LA ILUSIÓN DEL “NUNCA MÁS”: POR QUÉ PROMETEMOS TRANSFORMACIONES QUE SABEMOS QUE NO LLEGARÁN
“Nunca más”. En las próximas 48 horas, millones repetirán esta mentira honesta. A sí mismos, con fervor, a las tres de la mañana en alguna madrugada de crisis. O bajo los fuegos artificiales de mañana por la noche, cuando la rotación de la Tierra supuestamente les concederá poderes mágicos de transformación instantánea. Dicha con la convicción de quien acaba de tocar fondo y juró, esta vez con toda certeza, que subiría a la superficie transformado. La expresión lleva consigo una violencia temporal curiosa: no solo niega el futuro, sino que intenta borrar retroactivamente el pasado, como si el simple acto de prometer pudiera reescribir la historia neuronal que nos trajo hasta aquí.
Existe una especie peculiar de amnesia que nos acomete en determinados momentos de la vida. No la clínicamente documentada, con sus lesiones cerebrales y neurotransmisores en desequilibrio, sino algo más insidioso: la amnesia selectiva del autoengaño. Se manifiesta especialmente cuando nos enfrentamos a fracasos repetidos, cuando despertamos de resacas morales consecutivas o cuando el calendario nos regala esas fechas convencionalmente establecidas como hitos de reinicio.
Lo que raramente preguntamos, en medio de este teatro de buenas intenciones, es: ¿por qué creemos tan fácilmente en esta narrativa? ¿Por qué nos seducimos con la fantasía de que una decisión, por más visceral que sea, posee el poder alquímico de transmutar años de condicionamiento en un instante de clarividencia?
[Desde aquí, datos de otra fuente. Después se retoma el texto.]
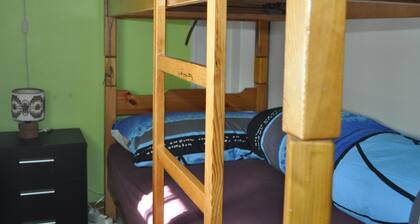 Chutzli Appartement/Fewo, Dusche oder Bad, WC, 2 Schlafräume 4-Bett-Wohnung by Interhome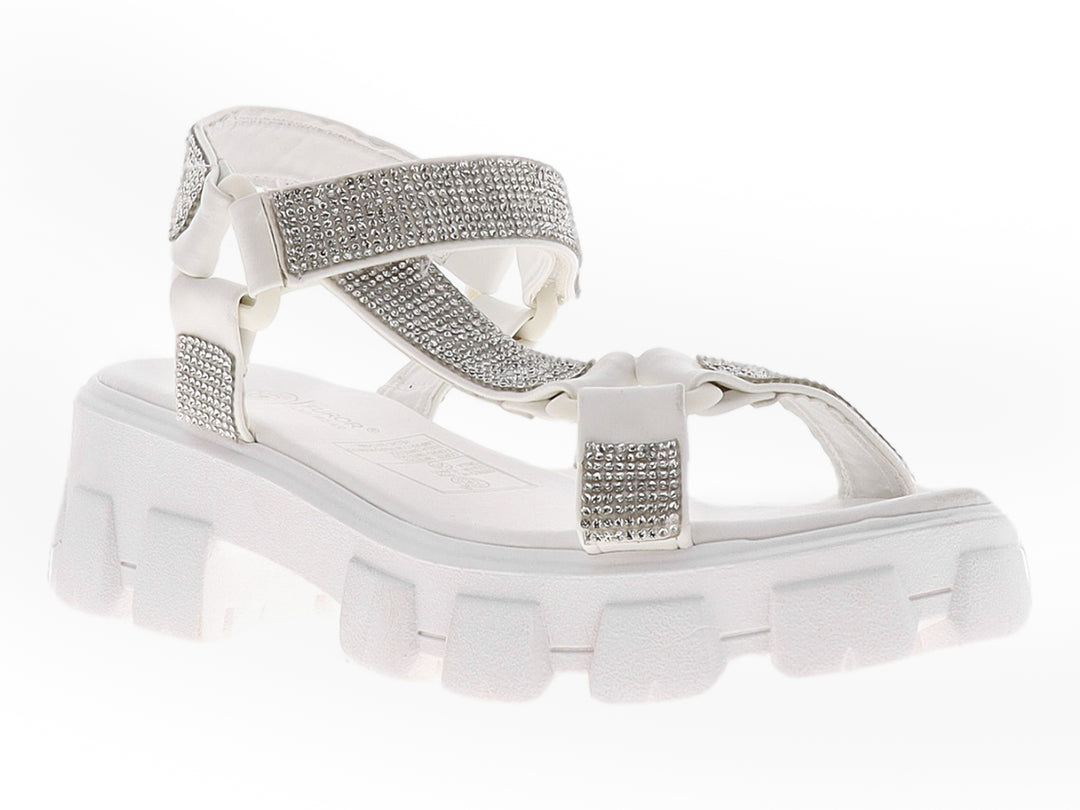 Sandalia blanca de plataforma con tiras decoradas con brillantes.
La respuesta comienza en un lugar incómodo: nuestra relación patológica con la linealidad. Fuimos educados en una cosmología donde todo tiene principio, medio y fin: historias con sus giros predecibles, carreras con sus escalones ascendentes, vidas con sus capítulos bien delimitados. Esta estructura narrativa, tan reconfortante como ilusoria, nos condiciona a creer que la transformación funciona de la misma manera: se identifica el problema, se toma la decisión, se ejecuta el cambio. Como si la existencia humana fuera un proyecto gestionable a través de metas SMART y hojas de seguimiento.
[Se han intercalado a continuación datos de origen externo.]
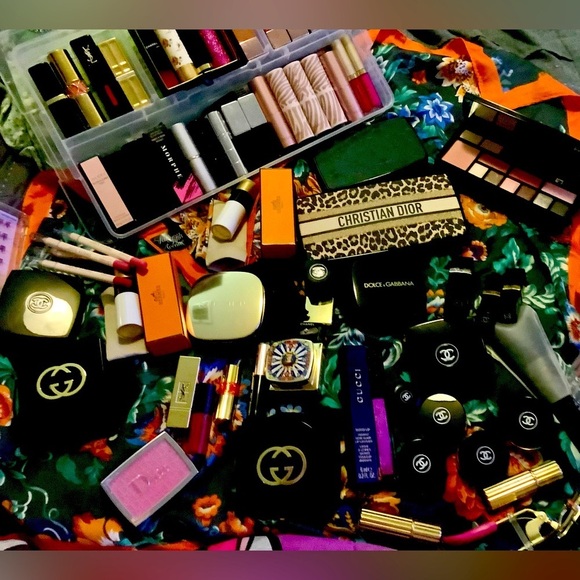 Coolest Box I found at Hobby Lobby - this box is my go to when I travel - Picture 1 of 10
Lo que esta cosmovisión lineal ignora de manera alienante es la naturaleza fundamentalmente recursiva de la conciencia humana. No nos movemos a través de la vida como trenes sobre rieles, siguiendo una ruta predeterminada hacia un destino final. Operamos en capas superpuestas de memoria, impulso, reflexión y reacción: sistemas que se influyen mutuamente en bucles de complejidad creciente. Cuando prometemos “nunca más”, estamos esencialmente intentando imponer una solución lineal sobre un problema sistémico.
Considera por un momento la mecánica interna de este “nunca más”. Emerge, casi invariablemente, de un estado emocional agudo: vergüenza, culpa, miedo, arrepentimiento. Estos estados poseen una característica neurobiológica específica: secuestran temporalmente nuestros sistemas de evaluación racional. Bajo su influencia, experimentamos una especie de claridad distorsionada, donde todo parece cristalino y simple. El problema está identificado. La solución es obvia. La fuerza de voluntad, en este momento de dolor, parece inquebrantable.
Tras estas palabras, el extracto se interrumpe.